Mêmes tailles que rufa dans toutes les castes.

Ouvrières

Bord externe des tibias et des fémurs avec 8 à 12 poils . Plus du tiers des mésopleures sans poils, ceux-ci surtout à la partie antérieure et ventraleMarques brunes du thorax peu prononcées, l'espace entre elles rouge clair ou jaune .

   

Reine

Écaille pétiolaire sans longs poils en dessus. Corps et appendices sans longs poils. Scutellum peu luisant, finement strié en long et à points fins.

   

Mâle

Joues avec 2 ou 3 poils pas très longs, nettement plus courts que la largeur de l'œil. Front, entre les carènes latérales, à points imperceptibles. Carènes frontales très peu saillantes. Dos du gastre généralement
sans poils dressés

 

Espèce boréo-alpine : Scandinavie, Alpes au-dessus de 1 200 m, Pyrénées, nord et centre de l'Ecosse, extrême nord de l'Irlande. A chercher en Asie et dans nos montagnes. Les seules localités françaises certaines sont : Hautes-Pyrénées : Barèges (1 750 m, F. Bernard), lac d'Aumar (2 050 m ; F. Ber­nard) ; Pyrénées-Orientales : lac des Bouillouses (2 016 m, F. Bernard) ; Alpes-Maritimes : Turini (1 900 m, F. Bernard) ; Hautes-Alpes : Briançon (Collingwood, 2 000 m).

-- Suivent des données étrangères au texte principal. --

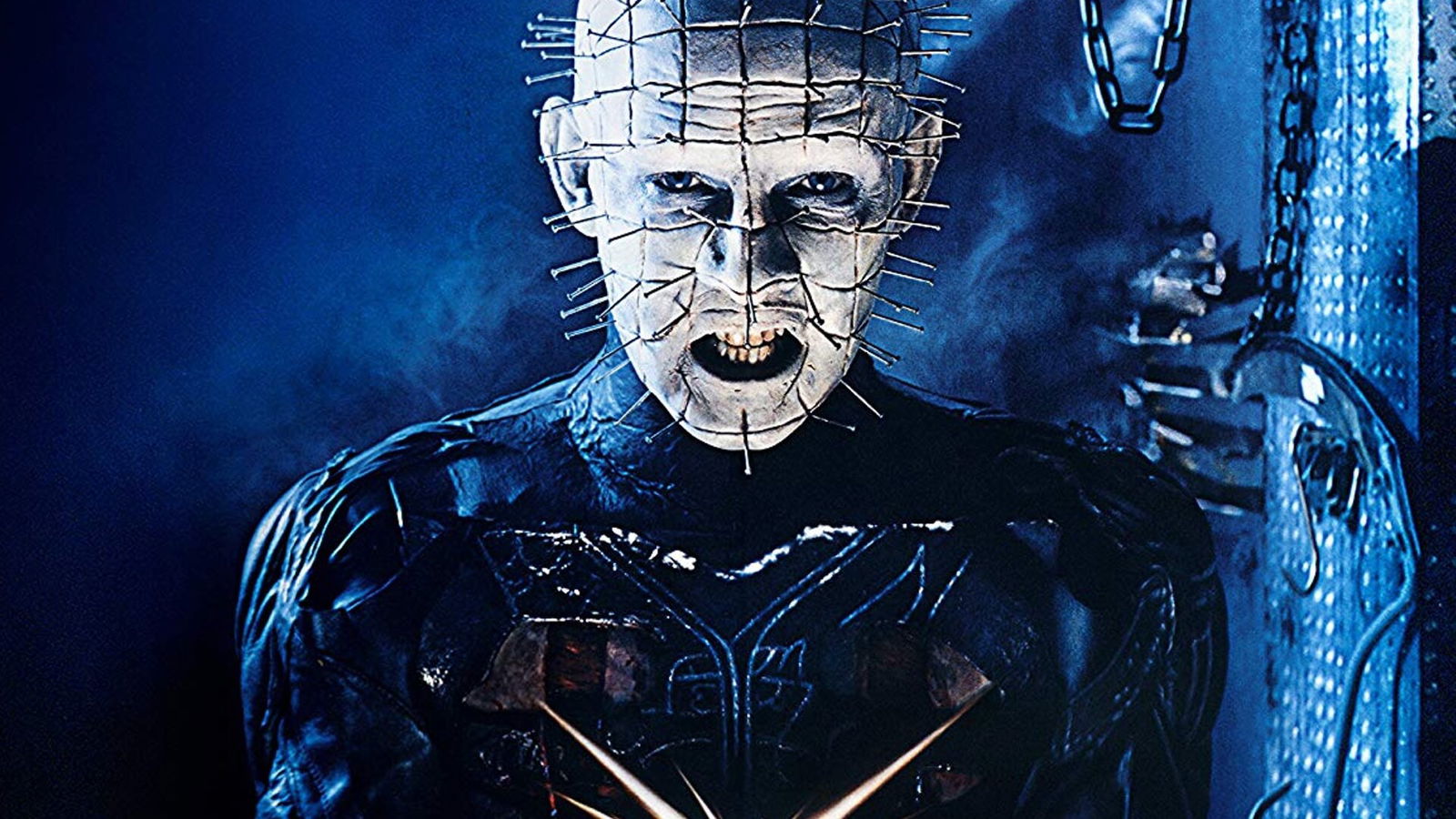 Hellraiser Clive Barker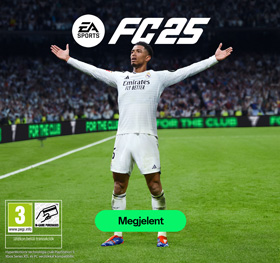 Már előrendelhető az EA SPORTS FC™ 25! 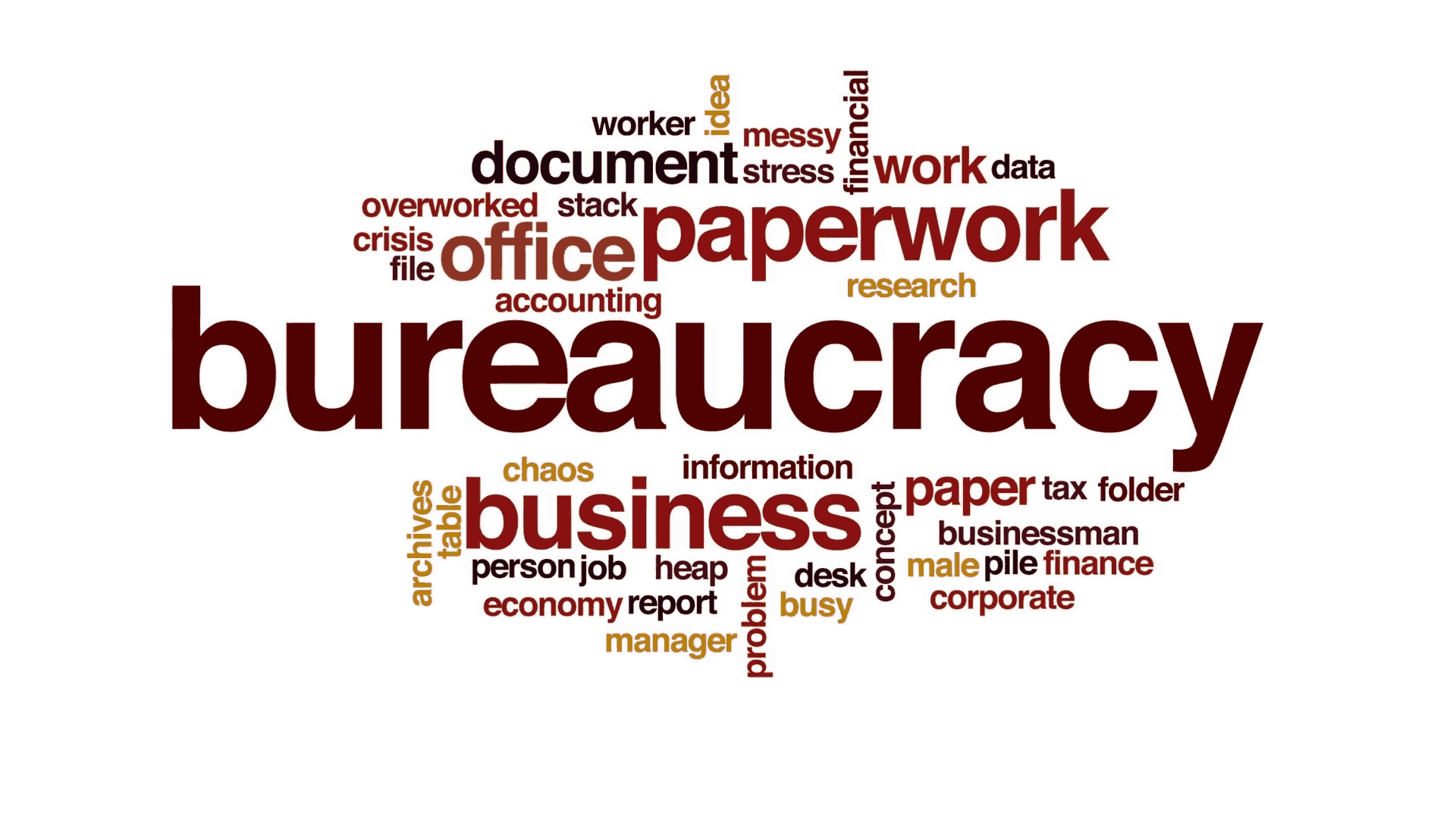 bureaucracy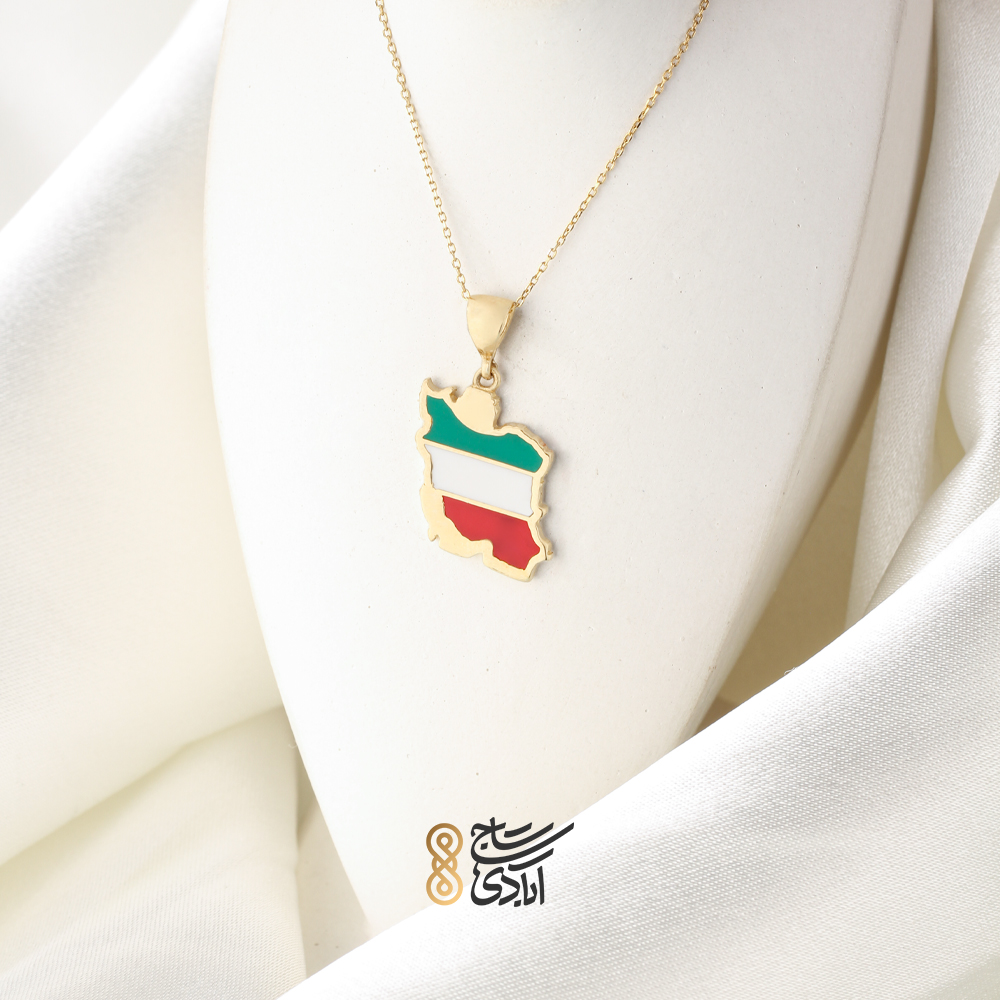 قیمت آویز طلا مینیمال ایران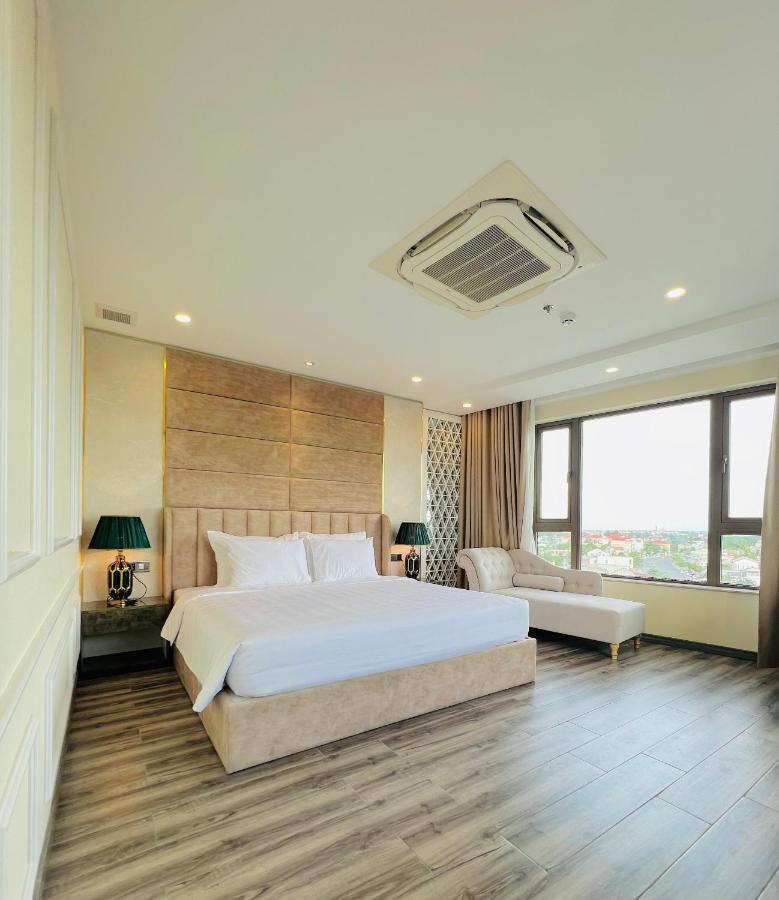 Mai Vy Hotel Tay Ninh Экстерьер фото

Dans l'ensemble, aquilonia paraît assez rare par rapport à nigricans, lugubris ou ru/a. Yarrow ne la signale commune que dans de vieilles forêts calédoniennes d'Ecosse, protégées par l'État ou par leurs propriétaires.

Biologie

(Yarrow). Nids généralement d'un mètre de haut, dans les vieilles forêts bien conservées. La structure du nid est la même que chez lugubris, mais on n'y voit pas, comme chez cette dernière une masse noire de grosses ouvrières protégeant le sommet du dôme : donc, chez aquilonia, la fonction défensive est moins marquée chez les individus major. Les stations de France sont surtout au-dessus de 1 800 m, dans de petits bois de Pinus uncinata.